Não podemos esquecer até que no reconhecimento, na formulação da verdade, está frequentemente a melhor explicação para as grandes dificuldades com que o político depara ao querer estabelecer soluções que aos leigos parecem simples, mas que as circunstâncias do momento, ou as dificuldades do processo, obrigam a ser mais lentas do que à nossa natural ansiedade poderia parecer conveniente.

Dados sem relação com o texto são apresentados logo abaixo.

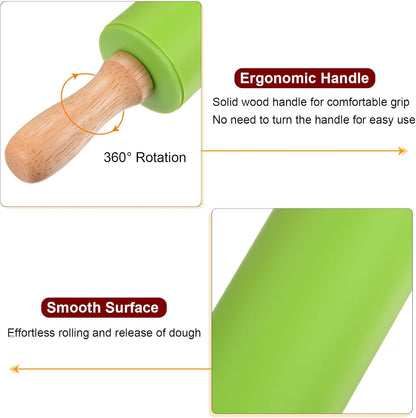 HARFINGTON Silicone Rolling Pins for Baking 12.2 Inch Non-Stick Silicone Surface Wooden Handle Rolling Pin Small Roller Playdough Rolling Pins for Fondant Kitchen Dough Pizza, Green
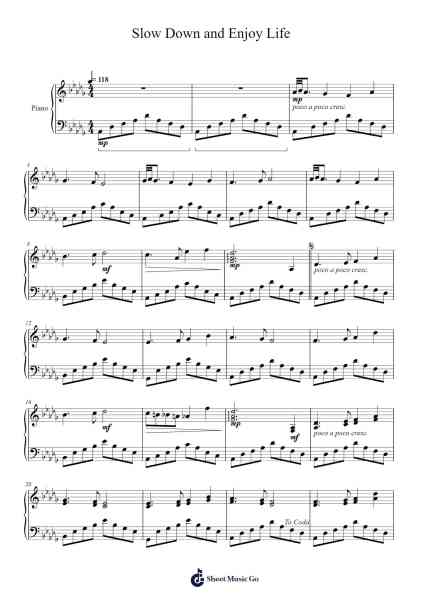 Slow Down and Enjoy Life Sheet Music by Masao Aichi-Arr.Lanps Gailkyle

De resto, nunca há vantagem em querer atenuar certas verdades que, por sentidas e conhecidas por muitos, até convém referir francamente para as limitar ao valor que, na realidade, devem ter; valor que, aliás, nunca negaria o caminho que o País até agora percorreu. Depois, se há verdades que se notam, há verdades que se devem, e já o velho Sá de Miranda aconselhava, na sua experimentada filosofia: «Dizer em tudo as verdades a quem em tudo as deveis».
Pelo que respeita à importância do assunto deste aviso prévio, direi somente que ela se mede, ou, melhor, que ela se sente, dentro de muitos lares da gente de Portugal; para além, portanto, das preocupações dos governantes, dos economistas e dos políticos, para além, portanto, das responsabilidades daqueles a quem cabe a obrigação delicada de analisar e ponderar para resolver, há no País, pelas condições em que se situa a vida de muita gente, o ambiente preciso para manter o assunto em causa num lugar de primazia dentro das preocupações principais.
Tudo isso lhe confere, assim, não só o interesse político, mas foros de indiscutível merecimento para ser analisado e dissecado por nós, como representantes da Nação; e se nesta Câmara o pretexto da minha intervenção servir para que alguns dos seus melhores valores o abordem francamente, também apontando-lhe as soluções convenientes e sugerindo-lhe as medidas que julguem aconselháveis, pude contribuir - e só essa glória quero - para um desinteressado serviço aos superiores interesses nacionais.